Israel Defense Forces or IDF: Founded in 1948, the IDF ranks among the most battle-tested armed forces in the world, having had to defend the country in six major wars. Its main tasks include reinforcing the peace arrangements; ensuring overall security in the West Bank in coordination with the Palestinian authority; spearheading the war against terrorism, both inside Israel and across its borders; and maintaining a deterrent capability to prevent the outbreak of hostilities.
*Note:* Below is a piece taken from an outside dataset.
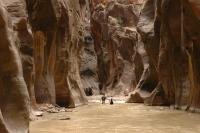 Zwei Wanderer in den Zion Narrows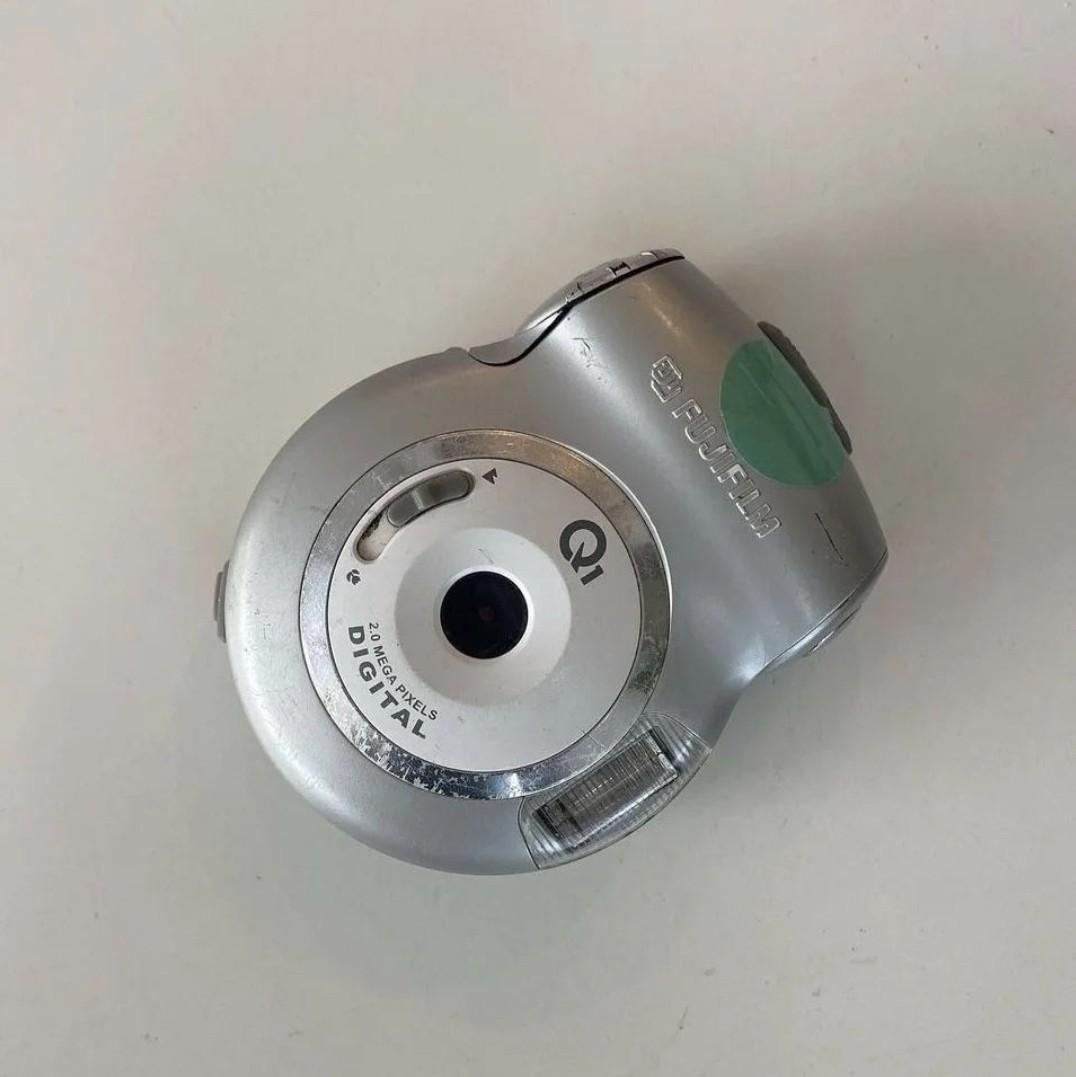 DIGITAL Fujifilm Q1 (Digicam), Photography, Cameras on Carousell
Men and women soldiers of all ranks serve side by side as technicians, communications and intelligence specialists, combat instructors, cartographers, administrative and ordnance personnel, computer operators, doctors, lawyers, and the like. More and more women are now serving in combat units as well.
Yom Kippur War: The 1973 Arab–Israeli War was an armed conflict fought from October 6 to 25, 1973, between Israel and a coalition of Arab states led by Egypt and Syria. The war broke out in the Middle East as Egyptian soldiers infiltrated the Sinai Peninsula and Syria entered the Golan Heights. The forces hoped to reclaim lost territory after Israel's triumph in the six-day war of 1967 and convince Israel's leaders that a lasting peace deal was necessary, according to the History Channel. Not expecting the attack and with many soldiers away from their posts, Israel was initially overwhelmed before it was able to launch a counteroffensive and repel the attacking forces. It ended in an Israeli victory and recapture of the Golan Heights. The Yom Kippur War drew the US and the Soviet Union nearer to potential nuclear conflict, as each aided its allies after failed attempts at proposing ceasefires. The Soviet Union then began sending weapons to resupply Syria and Egypt, and days later, the US did the same for Israel, according to the State Department. The war continued nearly three weeks, from October 6 through October 25, 1973. Most fighting had ended by October 26. Despite gaining more territory, Israel was criticised for a lack of preparation before the attack, and also suffered many casualties. Yom Kippur, or the Day of Atonement, is the holiest day of the year in Judaism.